++++ Given information

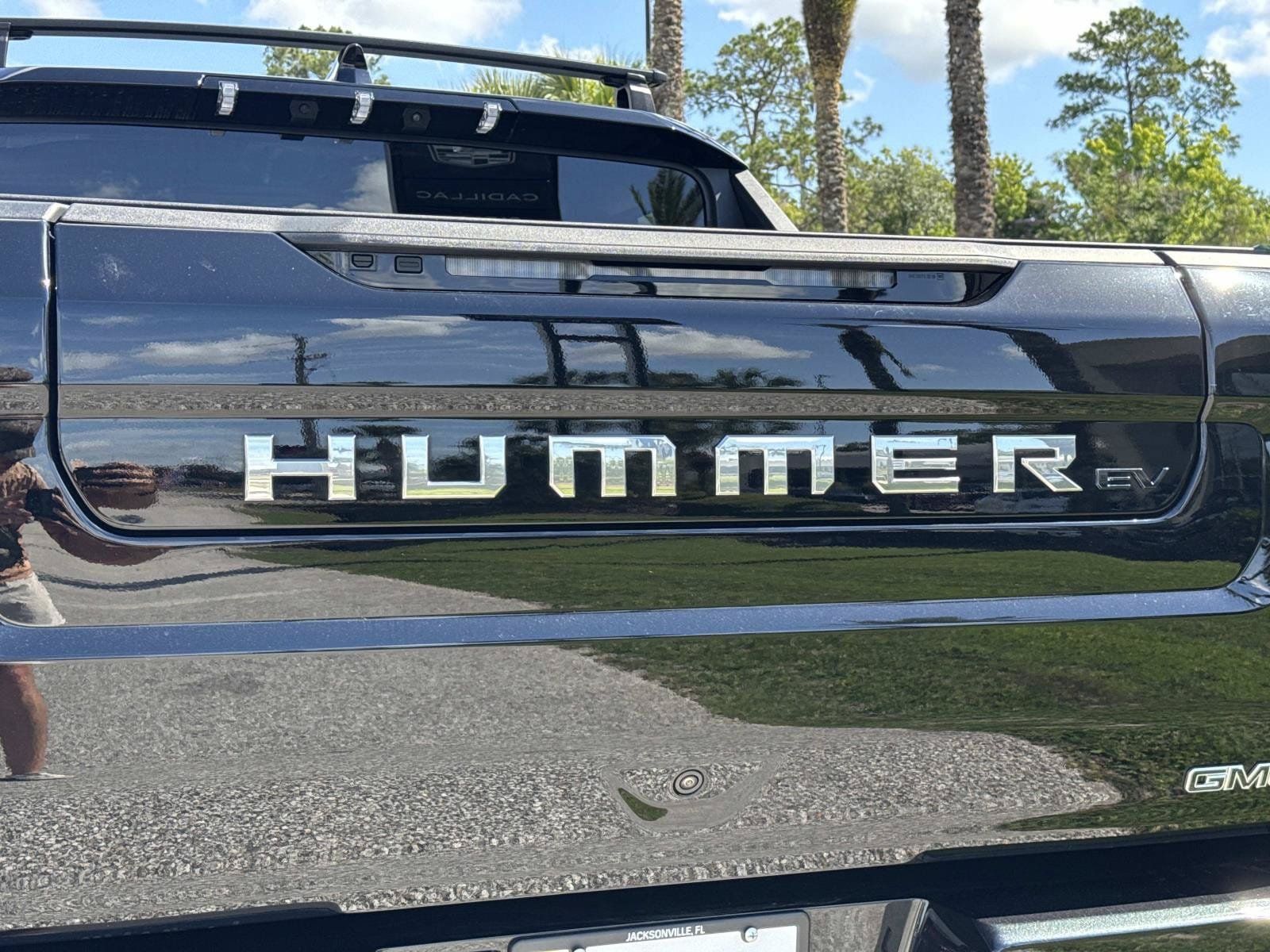 Used 2025 GMC Hummer EV 3X w/ LPO, Roof Cross Rail Package AWD/4WD image 10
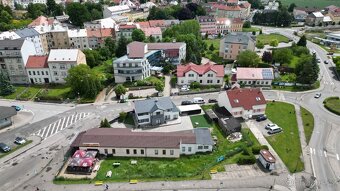 Prodám rodinný dům v Jičíně 2x 4+kk - 9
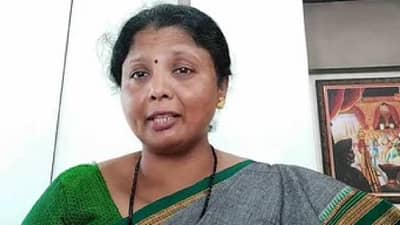 महापुरुषांचा अपमान होत असताना, हे गप्प का, सुषमा अंधारे यांचा सवाल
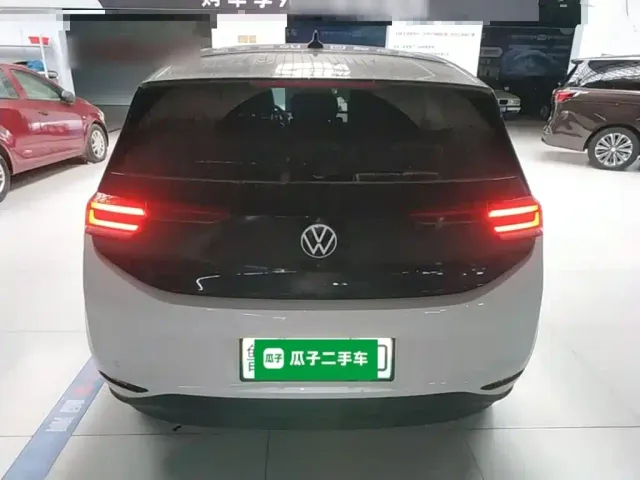 Volkswagen ID.3 — Фото автомобиля 5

++++++++

*Task objective*.
Whenever a picture appears in the listing, leave it out; copy everything else exactly.

*Answer to this exercise*.
 Used 2025 GMC Hummer EV 3X w/ LPO, Roof Cross Rail Package AWD/4WD image 10
 Prodám rodinný dům v Jičíně 2x 4+kk - 9
 महापुरुषांचा अपमान होत असताना, हे गप्प का, सुषमा अंधारे यांचा सवाल
 Volkswagen ID.3 — Фото автомобиля 5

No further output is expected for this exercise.